I produttori devono affrontare la sfida di garantire un processo di sviluppo sicuro e di implementare misure di sicurezza complete prima del lancio sul mercato. Ciò si accompagna a costi aggiuntivi che possono incidere sulle risorse e sui tempi di produzione. La nuova legislazione promette notevoli vantaggi per gli utenti finali, in quanto innalza il livello di sicurezza e riduce significativamente i rischi nell'area della Cyber Security. Tuttavia, i produttori devono affrontare una serie di sfide che comportano costi aggiuntivi. Ma vale la pena affrontare queste sfide, poiché le violazioni possono portare le autorità a richiedere miglioramenti o richiami dei prodotti e imporre multe fino a 15 milioni di euro o al 2,5% del fatturato globale annuo.

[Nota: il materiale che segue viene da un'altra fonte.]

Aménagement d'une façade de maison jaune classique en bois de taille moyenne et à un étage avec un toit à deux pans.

Tuttavia c'è speranza, infatti i requisiti di base definiti dal CRA sono coperti dal processo di sviluppo sicuro in conformità alla norma IEC 62443-4-1 e dalle specifiche funzionali in conformità alla norma IEC 62443-4-2. È pertanto raccomandata l'implementazione della norma IEC 62443.

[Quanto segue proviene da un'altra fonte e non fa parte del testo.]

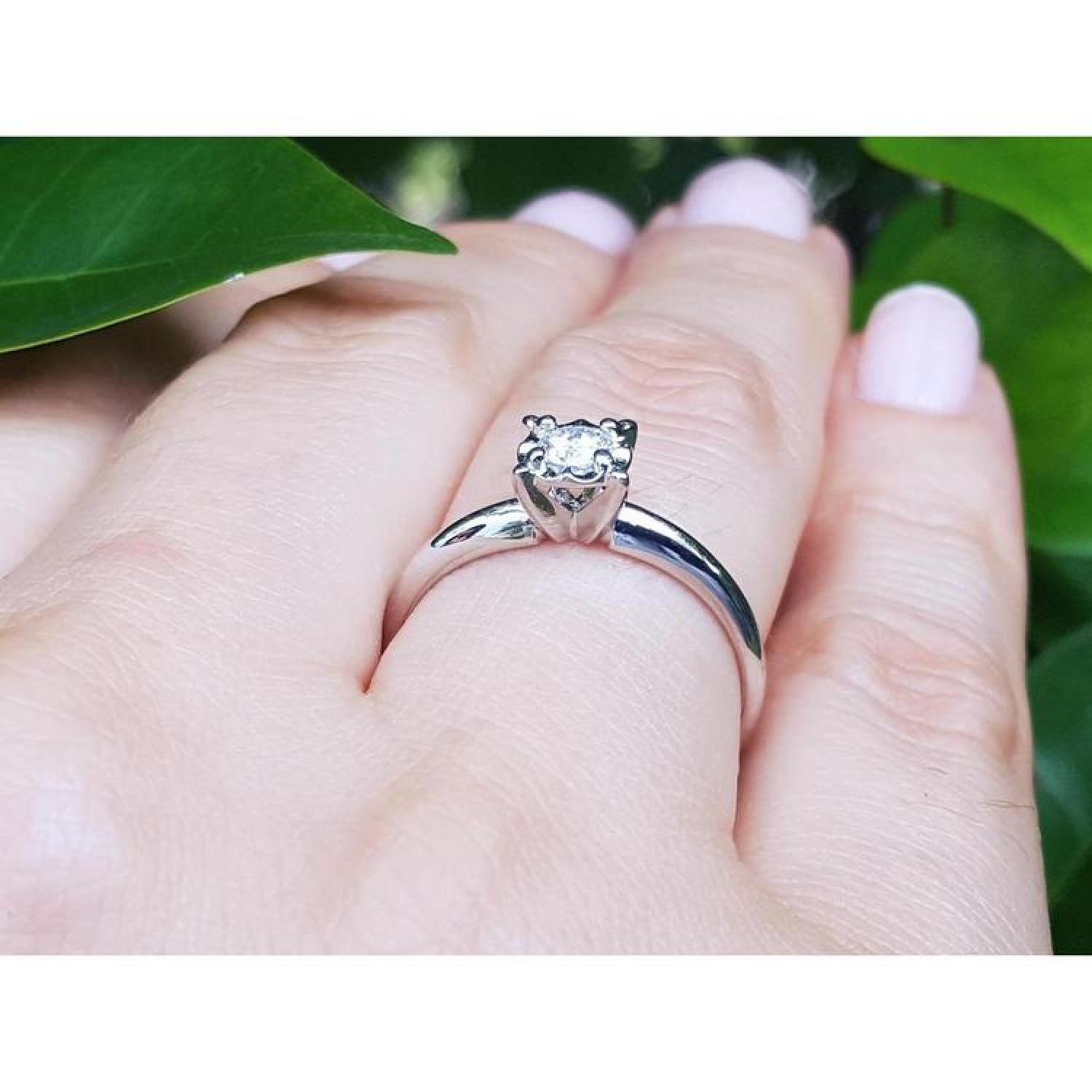 Round cut diamond solitaire engagement ring in 14K white gold on a hand.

Il segnale di partenza è scattato. È il momento di mettere in atto delle misure e prepararsi insieme. Il Cyber Resilience Act (CRA) è stato pubblicato ufficialmente il 10 dicembre 2024. Tutti i prodotti devono avere un sistema di gestione delle vulnerabilità conforme entro l'11 settembre 2026. A partire dall'11 dicembre 2027, è richiesta la piena attuazione del CRA e tutti i prodotti interessati devono soddisfare i requisiti per ottenere il marchio CE.
È il momento di agire per soddisfare i nuovi standard di sicurezza e garantire la competitività.
Il nostro piano di sicurezza completo a 360°
Phoenix Contact si affida a un approccio completo alla sicurezza a 360°, che integra prodotti sicuri come elemento centrale. I prodotti sicuri sono sviluppati in conformità agli standard della norma IEC 62443-4-1, mentre i requisiti per le funzioni di sicurezza sono soddisfatti in conformità alla norma IEC 62443-4-2. Il team PSIRT (Product Security Incident Response Team) è responsabile della gestione efficace delle vulnerabilità.
Grazie a questa strategia, Phoenix Contact è ben posizionata per soddisfare i nuovi requisiti di legge. Offriamo inoltre ai nostri clienti soluzioni e servizi applicativi sicuri. La certificazione indipendente di TÜV SÜD conferma la conformità ai processi di Cyber Security secondo la norma IEC 62443.